Q&A with Contix CEO Ryan Bailey

05.06.2015

By Dan Simon, Markets Media Correspondent

After Selerity’s scoop of Twitter’s earning (ironically sent out over a tweet) sent the stock through the floor, it’s clear social data matters but how seriously are traders incorporating it in to their decisions and workflow? We spoke with Ryan Bailey, CEO of financial social media platform Contix, to get his opinion on the growing adoption of social information in trading.

We’re seeing more chatter about social data being incorporated in to trade decision making. What are you seeing as you try to pitch your solutions to the financial industry?

When Contix launched just under three years ago, most traders found the idea absurd. We got a lot of strange looks during pitches. A lot has changed in three years. While still a nascent space, the hypothesis that you can find differentiated breaking financial news on social media has been proven. We are seeing traders gaining increasing awareness that social media is routinely the fastest conduit of breaking news and they are starting to incorporate it more and more into their trading decisions and workflow. The scoop on Twitter’s earnings is a very recent and visible example, but social media scoops traditional media on a daily basis, and there is a rapidly growing number of traders and firms that know this.

It’s one thing to be quick with social data but it’s useless if it’s not relevant.
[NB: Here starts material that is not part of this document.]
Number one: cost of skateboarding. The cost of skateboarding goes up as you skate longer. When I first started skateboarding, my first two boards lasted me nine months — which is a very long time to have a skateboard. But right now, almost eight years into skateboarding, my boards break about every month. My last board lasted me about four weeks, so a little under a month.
How do traders separate the signal from the social media noise?

Ryan Bailey, Contix

Ryan Bailey, Contix

Without specialized, finance-specific tools that employ a multivector approach to noise reduction, it’s exceedingly difficult. Noise comes from many places ranging from inexpert rants about companies and their products to CEOs who make a dozen comments about their life philosophy and favorite causes for every one tweet about their company. On Twitter alone there are over 500 million tweets per day.  If traders are only watching their unfiltered feeds, the SNR is going to be extremely low. Even market luminaries typically produce a significant amount of irrelevant content. Solving this problem – identifying the signal of relevant, timely and actionable information for traders in the sea of noise – is our sole focus. The other side of this is discovery: ensuring you don’t miss a post.
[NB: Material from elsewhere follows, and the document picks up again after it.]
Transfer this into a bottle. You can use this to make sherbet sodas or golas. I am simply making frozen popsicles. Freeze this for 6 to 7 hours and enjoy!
Our product also incorporates traditional media in order to provide the very earliest mentions of events relevant to traders and investors, whether it breaks first on the social or traditional side. Finally, we cluster posts to provide progressive resolution on events as they unfold.
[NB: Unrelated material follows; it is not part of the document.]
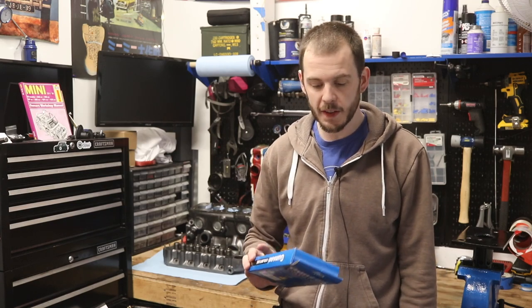Hey everybody, Cole here with Classic Winnie DIY, and on today's episode we're going to see what this Gunson Color Tune is all about, so stay tuned.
Firms like Derwent went out of business pretty quickly – is social trading a viable reality?

There is no doubt whatsoever that social media is an extremely valuable data set for traders and investors. The question, of course, is how traders and investors incorporate social media data into their process. I believe Derwent, and several others, relied too heavily on the notion of social sentiment being a crystal ball indicator of market movements. We take a different approach. We view social media as the place where news frequently breaks and can be placed in a rich data context. Contix identifies the earliest mentions of these breaking news events in real-time and delivers them to our customers using highly tuned algorithms.

If so, what is the optimal way for traders to use social data?

Traders should view social media as simply another source of breaking news. If they incorporate breaking news into their trading or investment process, they should be interested in social data. News is being broken constantly on social media by citizen journalists, bloggers, industry experts, reporters (sometimes ahead of their news organizations) and by companies and news makers directly. There are other approaches to deriving value from social media such as sentiment analysis, and we do incorporate sentiment to a degree in our algorithms and our graphing tool, but our focus is breaking news.

A number of providers have cropped up focused on social media in FS and even some of the industry agnostic players like Hootsuite and LinkedIn are moving specifically in to finance. What separates Contix from the other players?

Delivering the very earliest mentions of important financial news in real-time as they break on social and traditional media, and doing so reliably and credibly, is a very difficult technical problem. The most effective algorithms in any domain are usually the ones that are 1) the most deeply trained and tuned, and 2) the most narrowly scoped. Contix is both. Our team of data scientists have been hard at work on this problem for many years now and have developed many novel approaches to solving the various aspects of this problem. It will be a challenging task for new entrants to reach parity. And Contix is designed solely for finance as opposed to multiple unrelated end markets. We strongly believe a focused approach results in a much better product. Think of Contix as a razor blade instead of a swiss army knife. The end result is consistent and reliable identification of the earliest mentions of breaking news events relevant to financial markets.

Finally, where do you think social media and finance will be in five years?

It’s clear from current trends in industry interest and adoption that social media will be much more commonplace from trading floors to online brokerage toolsets, both for consumption and sharing information. Companies will communicate with the investor community more directly using social media. This will democratize access to information and reduce reliance on some of the traditional providers of financial news and related data.

As examples of successful trades and trading strategies based on social data continue to surface, it will become a must have for many types of traders across industries, instruments and strategies. There will be more tools, better tools and greater integration with data from other sources to allow the full context of social alerts to be quickly and accurately understood.